From plotting the Tmath::Vavilov I found out that the function is defined on -5,50 (see attached VavilovTmath.pdf (13.8 KB) ) which comes from precision requirement if i am not wrong. Actually, those limits vary depending on kappa and beta2 -5,50 is the biggest range, and outstide the pdf becomes 0. For gaussian limits it would be worse as vavilov function in root is defined only on a limited range.

As vavilov’s limit is gaussian for kappa>10, fitting a gaussian by another close to gaussian should work well… However, vavilov gaussian limit fits only in a certain range thus, as we discussed quite early on, using the RooLinearVar as solution.

  Double_t a,b;
  RooRealVar slope("slope","slope",a);
  RooRealVar offset("offset","offset",b);
  RooLinearVar y("xbis", "x shifted", x,slope,offset);

But I can’t manage to find a & b adequate for Gaussian (would be worse in the case of my own data) as I get the following error:

WARNING:Minization – RooMinimizerFcn: Minimized function has error status.
Returning maximum FCN so far (-1e+30) to force MIGRAD to back out of this region. Error log follows
Parameter values: beta2=0.260287, kappa=9
RooNLLVar::nll_vavi_gauss2Data[ paramSet=(beta2,kappa) ]
getLogVal() top-level p.d.f evaluates to zero

and a failed to fit. By cheating I would need to make the gaussian parameters through the RooLinearVar, to equals the expected Vavilov gaussian one:

σ2=(1−β2/2)κ
mean=gamma-1-ln(κ)-β2

But even then those varies depending of the parameters of the vavilov function trying to fit.

Is there a way to get passed this issue ? Am I doing it the wrong way? please correct me

Thanks

StephanH · March 10, 2020, 12:07pm

Hi @florian_Gautier,

I cannot follow yet. Do I understand correctly that you want to replace the Vavilov by a Gaussian for certain values of the parameters?
If so, the documentation says:

For values κ>10, the Gauss approximation should be used
with μ and σ given by Vavilov::Mean(kappa, beta2)
and sqrt(Vavilov::Variance(kappa, beta2).

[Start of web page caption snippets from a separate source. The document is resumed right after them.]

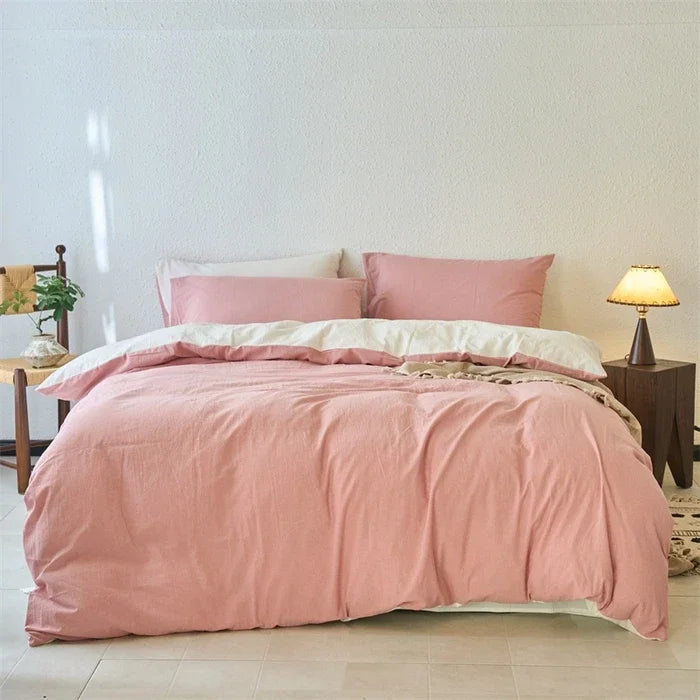 Bed with pink bedding in a room with a lamp and plant.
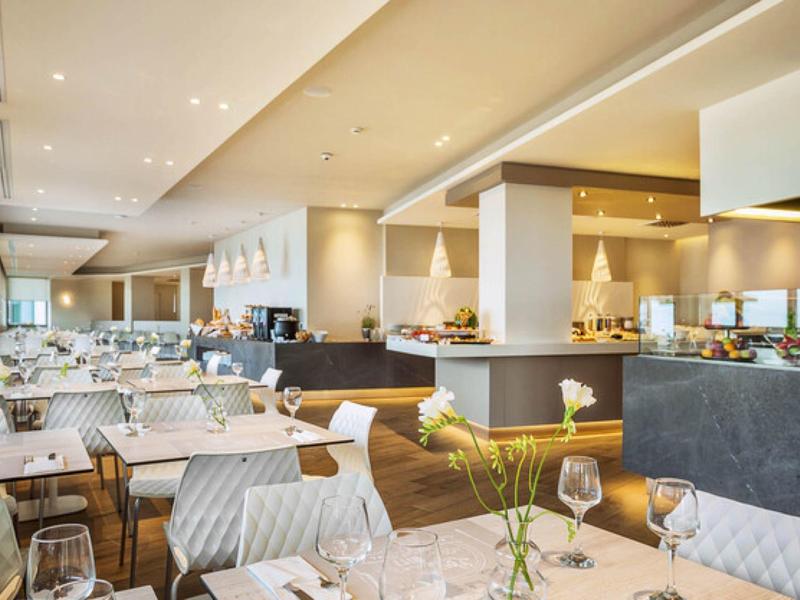Modern hotel restaurant with set tables and stylish lighting.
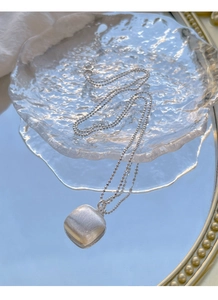 Détail du pendentif carré en argent brossé avec chaîne à billes sur plateau bleu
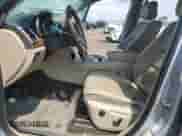 2011 Jeep Grand Cherokee Overland Summit with VIN 1J4RR6GTXBC536210, listed as a Copart auction lot 62634765 with 129,835 mi miles and Salvage title. Bid and sale history available at DreamBid. Image 7.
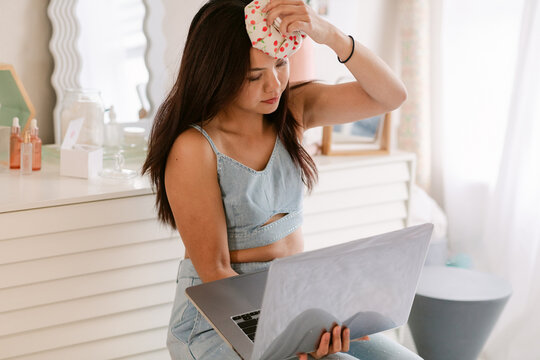 Woman with cold pack and laptop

You can program this into your Vavilov_Func class, by just returning the value of the Gaussian distribution with those parameters.

And yes, the problem that you are seeing at the moment is that vaviPdf evaluates to zero in a region where there’s still entries in the dataset. Maybe using the Gaussians starting from kappa >~ 9 will fix this. Apparently, the uncharted territory in your case starts before kappa = 10.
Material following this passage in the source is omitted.